◆ **Saved entries**

----------

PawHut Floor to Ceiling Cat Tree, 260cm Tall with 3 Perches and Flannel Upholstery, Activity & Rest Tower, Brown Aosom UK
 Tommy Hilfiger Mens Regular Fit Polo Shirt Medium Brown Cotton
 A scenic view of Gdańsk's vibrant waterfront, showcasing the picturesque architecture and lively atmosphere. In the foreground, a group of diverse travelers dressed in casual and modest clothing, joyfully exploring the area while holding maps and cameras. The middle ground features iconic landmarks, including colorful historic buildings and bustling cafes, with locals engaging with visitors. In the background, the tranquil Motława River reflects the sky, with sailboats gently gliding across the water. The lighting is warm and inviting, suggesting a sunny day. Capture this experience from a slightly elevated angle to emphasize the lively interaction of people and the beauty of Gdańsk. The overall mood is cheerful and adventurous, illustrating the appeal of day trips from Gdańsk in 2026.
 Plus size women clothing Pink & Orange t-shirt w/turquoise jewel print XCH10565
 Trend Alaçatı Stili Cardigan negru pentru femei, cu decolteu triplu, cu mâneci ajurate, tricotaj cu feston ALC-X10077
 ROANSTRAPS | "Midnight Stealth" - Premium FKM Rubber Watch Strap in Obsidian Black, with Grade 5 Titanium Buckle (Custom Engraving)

----------

◆ **Work to complete**
A reply should hold exactly the lines from the one containing "Trend Alaçatı Stili" through the end of the data above, nothing more.

◆ **Result for this exercise**
 Trend Alaçatı Stili Cardigan negru pentru femei, cu decolteu triplu, cu mâneci ajurate, tricotaj cu feston ALC-X10077
 ROANSTRAPS | "Midnight Stealth" - Premium FKM Rubber Watch Strap in Obsidian Black, with Grade 5 Titanium Buckle (Custom Engraving)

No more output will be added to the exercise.